◆ PROBLEM STATEMENT:
Read through the records. Copy each line that has the word "stay".

[Saved entries]
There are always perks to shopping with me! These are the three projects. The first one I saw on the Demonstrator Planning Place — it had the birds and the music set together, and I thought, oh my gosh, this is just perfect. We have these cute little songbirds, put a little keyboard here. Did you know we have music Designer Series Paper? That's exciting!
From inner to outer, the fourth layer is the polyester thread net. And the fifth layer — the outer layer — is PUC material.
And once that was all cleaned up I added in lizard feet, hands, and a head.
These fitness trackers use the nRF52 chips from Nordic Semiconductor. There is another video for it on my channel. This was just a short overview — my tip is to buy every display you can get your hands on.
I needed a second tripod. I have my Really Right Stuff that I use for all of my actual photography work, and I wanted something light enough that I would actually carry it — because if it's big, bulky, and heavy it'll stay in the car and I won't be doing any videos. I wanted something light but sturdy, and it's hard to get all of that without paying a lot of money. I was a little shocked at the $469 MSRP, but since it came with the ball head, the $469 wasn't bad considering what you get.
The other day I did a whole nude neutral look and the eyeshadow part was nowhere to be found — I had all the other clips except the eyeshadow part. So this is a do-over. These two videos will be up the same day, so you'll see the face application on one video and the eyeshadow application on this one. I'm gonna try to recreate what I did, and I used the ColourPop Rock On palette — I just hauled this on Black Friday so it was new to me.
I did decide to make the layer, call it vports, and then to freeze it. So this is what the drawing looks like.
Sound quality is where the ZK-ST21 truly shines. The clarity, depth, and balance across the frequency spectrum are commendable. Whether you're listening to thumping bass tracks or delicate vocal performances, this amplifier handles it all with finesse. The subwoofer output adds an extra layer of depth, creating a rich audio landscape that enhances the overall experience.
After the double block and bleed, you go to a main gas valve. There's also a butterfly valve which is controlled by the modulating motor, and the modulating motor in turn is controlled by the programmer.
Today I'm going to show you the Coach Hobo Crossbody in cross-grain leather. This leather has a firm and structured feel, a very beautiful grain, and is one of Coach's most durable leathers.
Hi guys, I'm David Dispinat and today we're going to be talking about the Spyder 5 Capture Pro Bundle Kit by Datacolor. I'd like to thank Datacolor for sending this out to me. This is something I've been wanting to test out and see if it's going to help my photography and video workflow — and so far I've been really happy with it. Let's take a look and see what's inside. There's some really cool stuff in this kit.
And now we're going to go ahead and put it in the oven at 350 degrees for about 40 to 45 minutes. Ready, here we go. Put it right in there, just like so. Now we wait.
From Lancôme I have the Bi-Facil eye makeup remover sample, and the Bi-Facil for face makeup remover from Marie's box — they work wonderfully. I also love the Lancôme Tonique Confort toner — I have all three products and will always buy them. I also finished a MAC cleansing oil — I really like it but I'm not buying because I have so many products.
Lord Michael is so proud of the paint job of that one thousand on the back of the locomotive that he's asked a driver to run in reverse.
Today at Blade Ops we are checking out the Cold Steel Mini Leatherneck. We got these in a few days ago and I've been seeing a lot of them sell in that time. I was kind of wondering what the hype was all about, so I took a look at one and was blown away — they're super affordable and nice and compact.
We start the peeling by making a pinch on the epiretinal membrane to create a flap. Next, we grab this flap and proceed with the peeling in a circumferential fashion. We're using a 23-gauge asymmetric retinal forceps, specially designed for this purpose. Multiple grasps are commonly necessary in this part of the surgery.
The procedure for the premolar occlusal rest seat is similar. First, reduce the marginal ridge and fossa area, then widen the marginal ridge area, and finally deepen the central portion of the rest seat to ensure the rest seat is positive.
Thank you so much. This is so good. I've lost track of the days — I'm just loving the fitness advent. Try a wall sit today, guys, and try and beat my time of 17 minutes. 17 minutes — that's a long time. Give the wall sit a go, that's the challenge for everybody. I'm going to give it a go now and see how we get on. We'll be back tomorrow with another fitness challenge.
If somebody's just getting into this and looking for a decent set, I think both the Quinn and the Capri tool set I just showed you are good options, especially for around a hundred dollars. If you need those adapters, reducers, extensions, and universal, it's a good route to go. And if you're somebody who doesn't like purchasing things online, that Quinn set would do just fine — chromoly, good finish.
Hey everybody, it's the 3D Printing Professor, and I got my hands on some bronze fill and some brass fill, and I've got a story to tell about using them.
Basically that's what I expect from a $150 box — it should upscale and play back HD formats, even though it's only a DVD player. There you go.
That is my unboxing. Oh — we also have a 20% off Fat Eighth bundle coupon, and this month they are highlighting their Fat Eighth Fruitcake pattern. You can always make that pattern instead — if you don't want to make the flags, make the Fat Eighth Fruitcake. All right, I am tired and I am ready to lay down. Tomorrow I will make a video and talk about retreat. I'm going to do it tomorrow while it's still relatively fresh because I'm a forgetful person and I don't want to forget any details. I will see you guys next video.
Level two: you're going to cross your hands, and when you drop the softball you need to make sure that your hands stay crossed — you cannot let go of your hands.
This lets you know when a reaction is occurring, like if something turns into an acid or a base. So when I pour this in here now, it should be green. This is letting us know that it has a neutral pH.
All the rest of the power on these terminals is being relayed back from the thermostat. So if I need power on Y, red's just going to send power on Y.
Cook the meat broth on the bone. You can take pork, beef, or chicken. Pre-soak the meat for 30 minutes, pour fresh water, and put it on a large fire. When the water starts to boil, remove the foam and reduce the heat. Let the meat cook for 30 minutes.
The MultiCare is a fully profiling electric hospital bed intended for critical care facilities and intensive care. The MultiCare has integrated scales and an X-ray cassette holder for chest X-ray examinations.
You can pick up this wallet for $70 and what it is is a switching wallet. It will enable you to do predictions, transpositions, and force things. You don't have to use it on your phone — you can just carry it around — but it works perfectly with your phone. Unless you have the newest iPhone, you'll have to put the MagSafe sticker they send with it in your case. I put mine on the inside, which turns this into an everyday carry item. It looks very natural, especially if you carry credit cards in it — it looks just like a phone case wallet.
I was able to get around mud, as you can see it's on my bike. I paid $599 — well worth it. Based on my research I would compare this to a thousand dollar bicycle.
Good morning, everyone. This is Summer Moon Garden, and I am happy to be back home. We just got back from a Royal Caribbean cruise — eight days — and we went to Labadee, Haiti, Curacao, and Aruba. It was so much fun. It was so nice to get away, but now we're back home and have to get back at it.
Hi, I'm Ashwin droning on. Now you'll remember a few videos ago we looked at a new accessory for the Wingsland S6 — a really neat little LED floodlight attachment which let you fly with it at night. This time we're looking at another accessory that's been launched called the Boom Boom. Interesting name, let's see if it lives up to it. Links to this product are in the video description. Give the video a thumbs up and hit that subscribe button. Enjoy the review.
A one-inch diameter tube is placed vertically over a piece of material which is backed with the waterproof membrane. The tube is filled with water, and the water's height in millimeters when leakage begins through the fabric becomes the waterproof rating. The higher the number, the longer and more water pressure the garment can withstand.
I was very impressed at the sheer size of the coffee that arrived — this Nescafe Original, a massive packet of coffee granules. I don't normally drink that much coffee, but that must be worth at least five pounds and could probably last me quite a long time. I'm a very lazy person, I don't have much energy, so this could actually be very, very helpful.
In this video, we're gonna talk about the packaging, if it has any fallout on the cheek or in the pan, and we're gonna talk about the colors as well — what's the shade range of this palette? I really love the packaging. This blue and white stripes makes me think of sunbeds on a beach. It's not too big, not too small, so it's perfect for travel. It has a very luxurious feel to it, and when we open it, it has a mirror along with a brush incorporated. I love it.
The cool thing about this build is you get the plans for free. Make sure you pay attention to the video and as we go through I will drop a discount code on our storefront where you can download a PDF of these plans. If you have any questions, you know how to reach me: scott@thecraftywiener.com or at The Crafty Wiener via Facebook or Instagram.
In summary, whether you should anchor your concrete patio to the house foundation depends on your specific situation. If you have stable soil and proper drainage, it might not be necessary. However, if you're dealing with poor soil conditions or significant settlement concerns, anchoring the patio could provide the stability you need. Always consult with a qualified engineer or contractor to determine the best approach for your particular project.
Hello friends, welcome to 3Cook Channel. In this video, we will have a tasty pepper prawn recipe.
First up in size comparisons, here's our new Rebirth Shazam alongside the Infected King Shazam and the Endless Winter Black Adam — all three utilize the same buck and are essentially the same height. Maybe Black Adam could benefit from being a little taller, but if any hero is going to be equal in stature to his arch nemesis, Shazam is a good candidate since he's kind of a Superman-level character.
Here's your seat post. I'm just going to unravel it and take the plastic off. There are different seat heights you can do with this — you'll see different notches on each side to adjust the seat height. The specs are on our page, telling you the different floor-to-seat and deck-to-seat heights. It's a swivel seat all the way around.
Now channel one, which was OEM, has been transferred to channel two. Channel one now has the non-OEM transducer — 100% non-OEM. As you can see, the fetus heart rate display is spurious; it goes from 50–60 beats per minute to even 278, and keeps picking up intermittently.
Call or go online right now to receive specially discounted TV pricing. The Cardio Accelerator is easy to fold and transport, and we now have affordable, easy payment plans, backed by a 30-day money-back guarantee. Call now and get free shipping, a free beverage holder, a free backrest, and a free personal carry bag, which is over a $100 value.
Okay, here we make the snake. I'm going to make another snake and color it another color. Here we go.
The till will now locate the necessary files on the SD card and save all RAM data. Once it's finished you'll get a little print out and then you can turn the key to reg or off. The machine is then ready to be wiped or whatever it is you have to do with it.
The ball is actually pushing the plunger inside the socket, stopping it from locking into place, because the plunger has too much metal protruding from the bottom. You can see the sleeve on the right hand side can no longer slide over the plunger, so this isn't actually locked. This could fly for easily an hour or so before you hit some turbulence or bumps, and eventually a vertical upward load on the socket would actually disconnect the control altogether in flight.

◆ TASK RESPONSE:
I needed a second tripod. I have my Really Right Stuff that I use for all of my actual photography work, and I wanted something light enough that I would actually carry it — because if it's big, bulky, and heavy it'll stay in the car and I won't be doing any videos. I wanted something light but sturdy, and it's hard to get all of that without paying a lot of money. I was a little shocked at the $469 MSRP, but since it came with the ball head, the $469 wasn't bad considering what you get.
Level two: you're going to cross your hands, and when you drop the softball you need to make sure that your hands stay crossed — you cannot let go of your hands.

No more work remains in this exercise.